The whole question, therefore, is—Was the income which the respondent received during the above period an income derived from the ownership of lands? The argument of the appellants is very simple. They say that, under Sir Simon's settlement, there was vesting a morte testatoris in the respondent as a proper liferenter, and that a proper liferenter is an owner in the sense of the section quoted. Now, though there is no definition in the statute of what an owner is, it may, I think, be held as certain that the expression is not confined to the owner of the fee feudally vested, and I think a proper liferenter, either feudally vested or in such a position that he might be feudally vested, would be an owner. But what is a proper liferenter? I agree with what the learned Lord President said in the case of Inland Revenue v. Wemyss. The case itself is far too peculiar and special to form a precedent for any other, but the remarks of the learned Judges on the general law may be quoted. The Lord President, after saying, as I have said, that a proper liferenter may be an owner of lands in the sense of the statute, goes on to say of him—“He has no trust interposed between him and those lands; he is interim dominus or proprietor for life, (Ersk. Inst. II. ix. 41); and he is immediately entitled to the civil fruits of the lands, which lands he may let to tenants for the duration of his life. Like any other ‘owner’ he may be ‘occupier’ also, and uplift the natural fruits of the lands, since he is entitled, if he pleases, to possess the lands personally or by means of his own servants (Ersk, Inst. II. ix. 56).”

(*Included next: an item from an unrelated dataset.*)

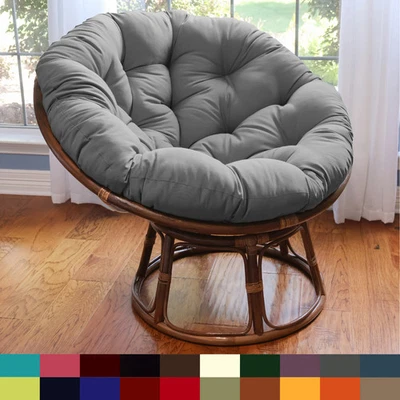 Bali 42-inch Rattan Papasan Chair with Twill Cushion - Image 1 of 4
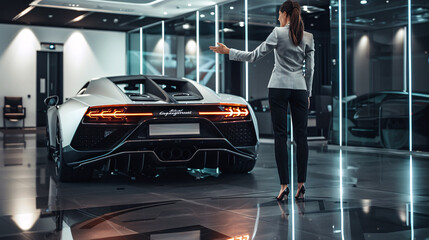 Elegant saleswoman in chic pantsuit gesturing towards sleek luxury sports car in modern showroom with dramatic lighting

Now, let these tests be applied to the present case. As regards every one of them the respondent, during the period in question, fails to correspond to the indicium of the proper liferenter. She is not immediately entitled to the civil fruits of the lands; she cannot grant leases for the duration of her life. Nay, further, the trustees can grant a lease for the ordinary duration of an agricultural lease, i.e., nineteen years, which would bind the fiar, whom, at this juncture, they also represent—a thing which she could not do even after the disposition in her favour was executed, unless a clause as to long leases was inserted in the disposition, as to which the trustees are to be the sole judges. She could not be the occupier, except of what the trustees allow her to occupy; and she could not uplift the natural fruits of the lands. Besides this, the trustees had a power of sale, which she never had nor could have. It is, therefore, abundantly clear that she was not during this period a proper liferenter, and as such owner of the lands. During this period the trustees were owners of the lands—in trust, no doubt, but still owners—and in such Capacity they would, and did, settle the ordinary income tax under Schedule A as for the mansion-house, which they possessed but allowed her the occupation of in terms of the settlement. No doubt they rightly paid her the surplus income when it began to emerge, for in the early years, the rents being mostly back-hand, there was only deficiency. They did so rightly, because the beneficial right arising from the estate was hers in virtue of the fact that she was the person to whom the estate was to go in liferent, but what she received was not the direct income of lands, but was the balance of what the estate had brought as a whole.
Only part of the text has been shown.